« Le Dico », hors des sentiers battus
de la lexicographie
Un nouveau dictionnaire, c'est toujours une aubaine pour les amoureux de la langue. Surtout quand, comme c'est le cas ici, il n'est en rien question de jouer les resucées d'ouvrages qui ont déjà pignon sur rue.
Ce Dico (son nom est à lui seul un programme) n'entend rien de moins que « bouleverser les codes de la lexicographie » en redonnant la parole aux usagers. Sa nomenclature doit beaucoup aux statistiques de la consultation en ligne du Wiktionnaire. Autrement dit — et sans connotation péjorative aucune, il va sans dire — au lectorat d'en bas. Les éditions Garnier ont voulu voir là la promesse d'un dictionnaire libre (entendez affranchi de la tutelle des « cercles académiques »), moins normatif que descriptif, et surtout représentatif « de la richesse et de la diversité » du français d'aujourd'hui.

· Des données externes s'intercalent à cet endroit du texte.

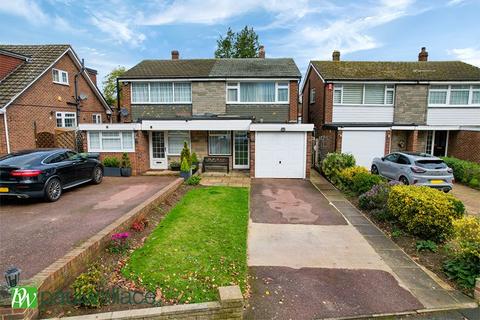 3 bedroom semi-detached house for sale, Huntingdon Close, Turnford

Partant, il ne servirait de rien de s'étonner de la place plus qu'enviable faite ici aux anglicismes (ghosting, leaker, queer, etc.), au risque, pleinement assumé, de les légitimer. Et pas davantage de celle réservée aux argots professionnels : la khôlle des prépas et le chapô des journalistes n'apportent rien aux graphies traditionnelles, lesquelles incluaient déjà ces acceptions particulières. Mais l'objectif est en l'espèce de célébrer une « langue vivante » et, pour vivre, il faut bouger !

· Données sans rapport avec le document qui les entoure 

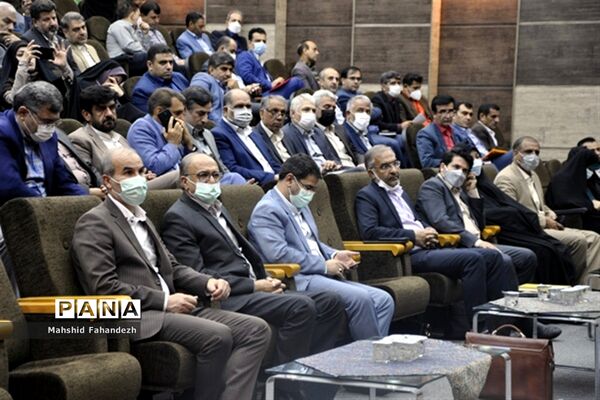 آیین معرفی طرح استانی گلستان‌خوانی در شیراز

Force est donc de reconnaître que le cahier des charges a été respecté. Ajoutons que l'objet a fière allure, que typographie et mise en pages sont des plus efficaces et que la lisibilité, en dépit de quelques surprises anecdotiques dans les annexes, est parfaite. Quant aux notules étymologiques, comment leur rendre mieux justice qu'en regrettant leur trop petit nombre ?

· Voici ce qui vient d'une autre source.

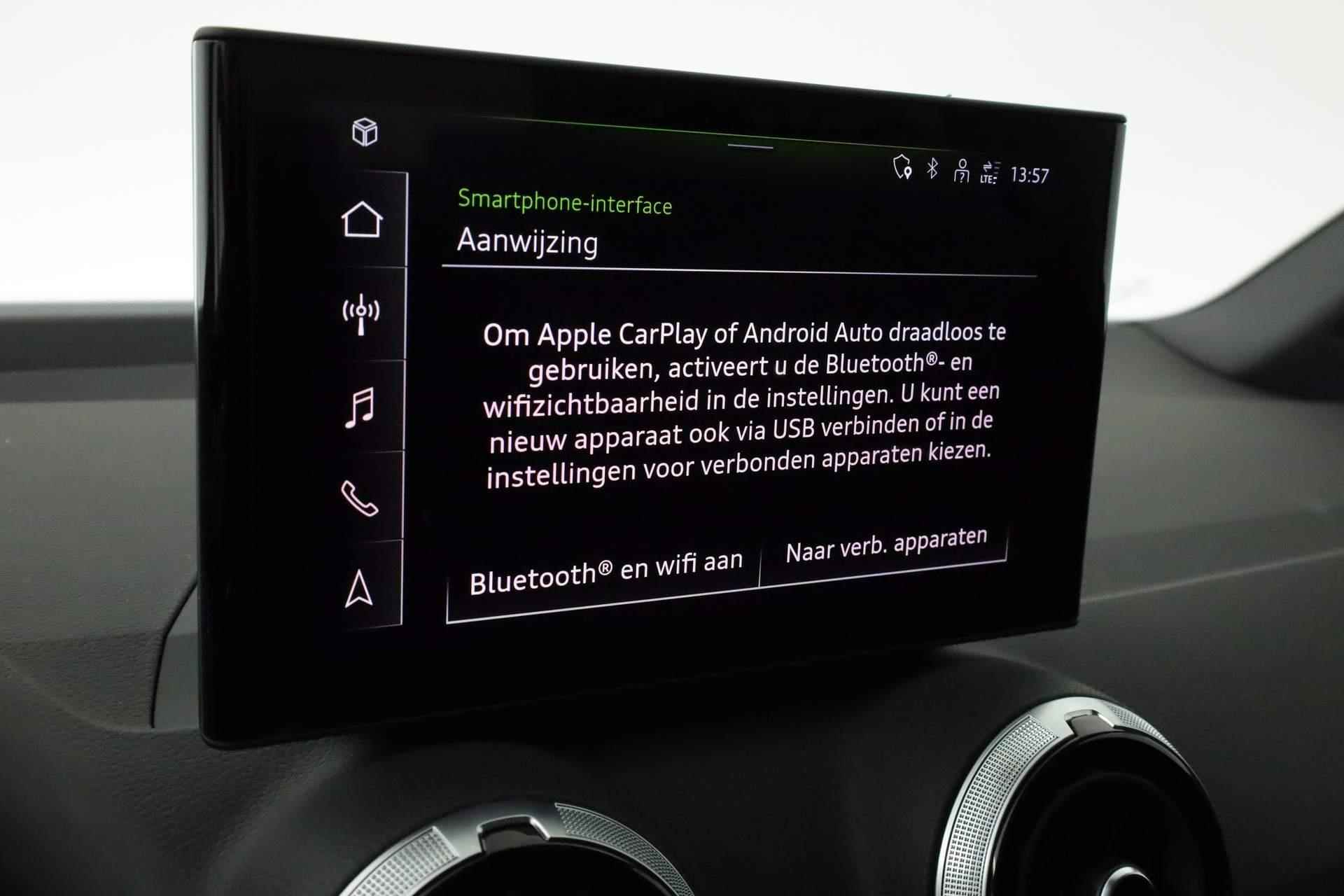 Audi Q2 S Edition 35 TFSI 150 pk | Glazen panoramadak | Assistentiepakket Parking | Comfortsleutel | - 30/41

Alors oui, et parce que l'on ne saurait laisser croire que l'on s'est borné à lire le prière d'insérer, nous avons relevé çà et là quelques impairs. Les habitants de Saint-Denis auraient gagné à s'appeler Dionysiens au lieu de « Dyonisiens » ; la nouvelle orthographe à être indiquée toujours plutôt que souvent (quid de cahutte, dime, douçâtre, garroter, millepatte ?) ; certains pluriels épineux, de noms composés surtout (crocs-en-jambe, sauf-conduits), à être précisés. Cela dit, rien qui vaille que l'on jette le bébé avec l'eau du bain, d'autant que la concurrence n'a jamais été, elle non plus, exempte de tout reproche : chacun sait que, si la critique est aisée, la lexicographie est un art difficile...
Le Dico (éditions Garnier, en partenariat avec Wikimedia France) ; 40 000 noms communs, 100 000 définitions ; 16 x 26 cm, 1712 p., 24,50 €.